**Work request:** All the data should be repeated exactly. Any image in it is left out.
START Stored data
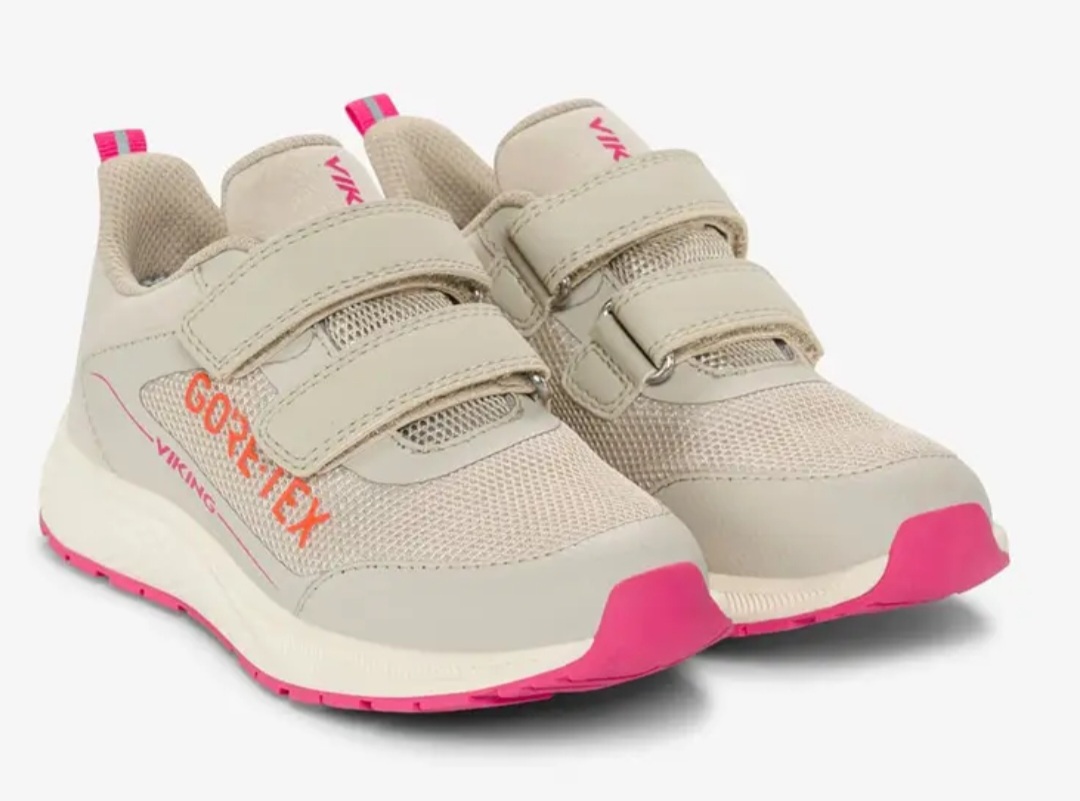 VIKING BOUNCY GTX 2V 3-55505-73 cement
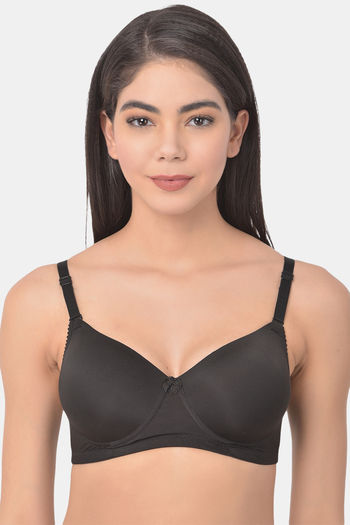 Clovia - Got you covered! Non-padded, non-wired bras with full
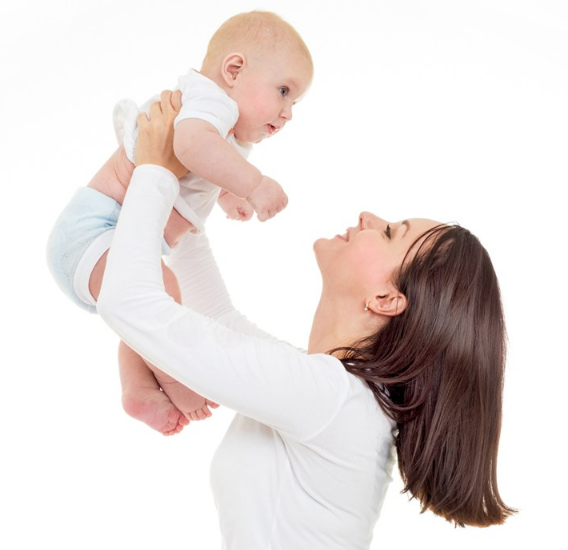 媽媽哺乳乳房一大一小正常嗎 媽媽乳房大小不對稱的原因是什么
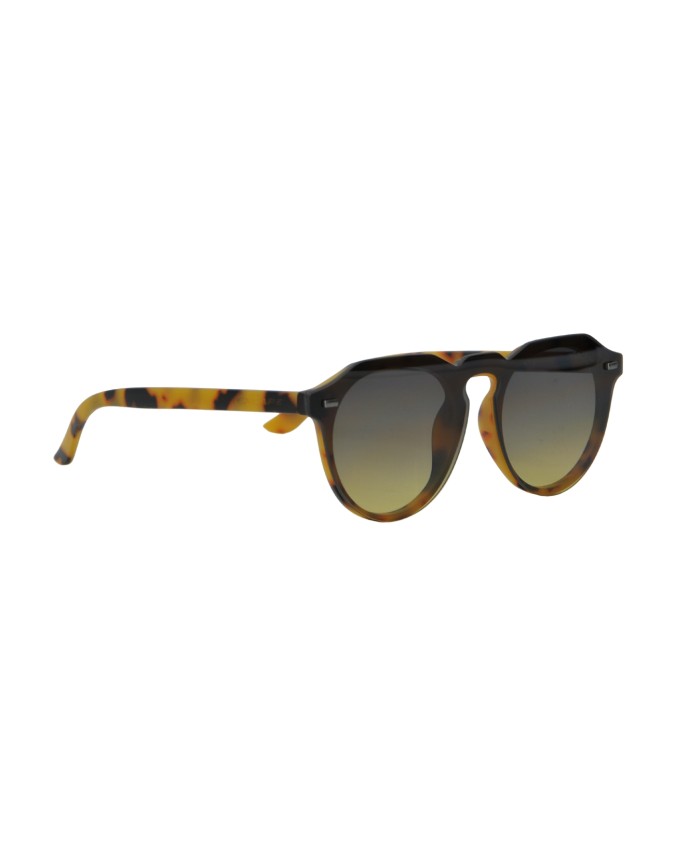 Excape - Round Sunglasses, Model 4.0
END Stored data
**Exercise response:**
 VIKING BOUNCY GTX 2V 3-55505-73 cement
 Clovia - Got you covered! Non-padded, non-wired bras with full
 媽媽哺乳乳房一大一小正常嗎 媽媽乳房大小不對稱的原因是什么
 Excape - Round Sunglasses, Model 4.0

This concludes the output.